**Source data**.
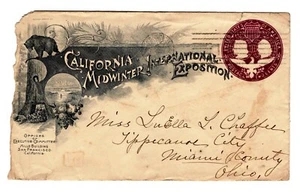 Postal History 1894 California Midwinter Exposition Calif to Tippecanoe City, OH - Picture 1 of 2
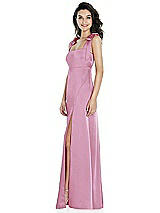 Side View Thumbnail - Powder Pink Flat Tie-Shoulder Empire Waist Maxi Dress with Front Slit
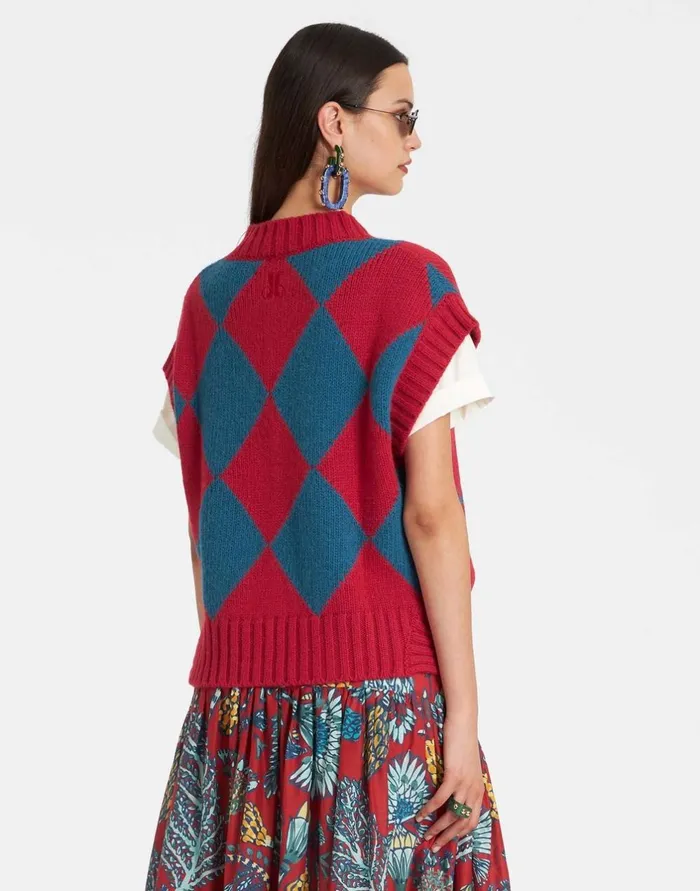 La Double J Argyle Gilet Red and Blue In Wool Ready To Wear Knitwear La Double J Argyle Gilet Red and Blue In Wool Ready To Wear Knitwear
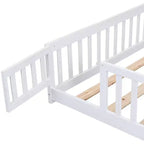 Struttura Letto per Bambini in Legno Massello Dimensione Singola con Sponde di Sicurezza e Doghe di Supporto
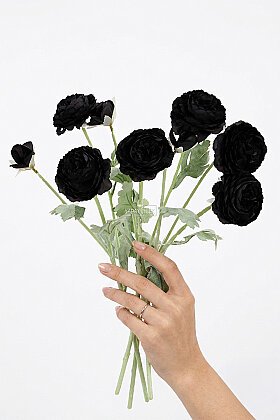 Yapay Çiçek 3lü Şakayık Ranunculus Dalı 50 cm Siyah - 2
--
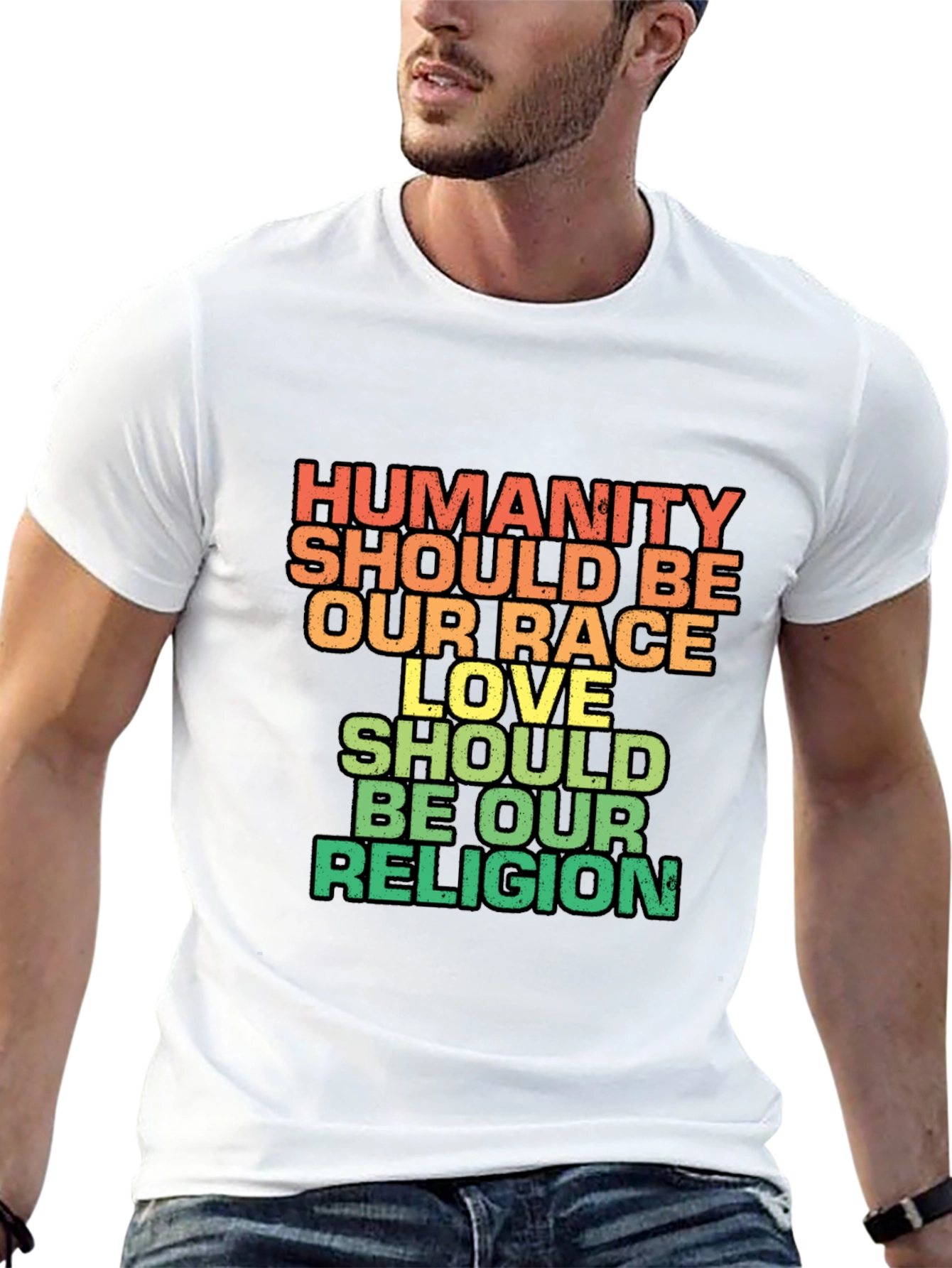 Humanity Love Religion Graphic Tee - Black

**What to do**. Set down, exactly as written above, each line from the one with "Struttura Letto per" through the one with "Yapay Çiçek 3lü", and skip the pictures.

**Written response**.
 Struttura Letto per Bambini in Legno Massello Dimensione Singola con Sponde di Sicurezza e Doghe di Supporto
 Yapay Çiçek 3lü Şakayık Ranunculus Dalı 50 cm Siyah - 2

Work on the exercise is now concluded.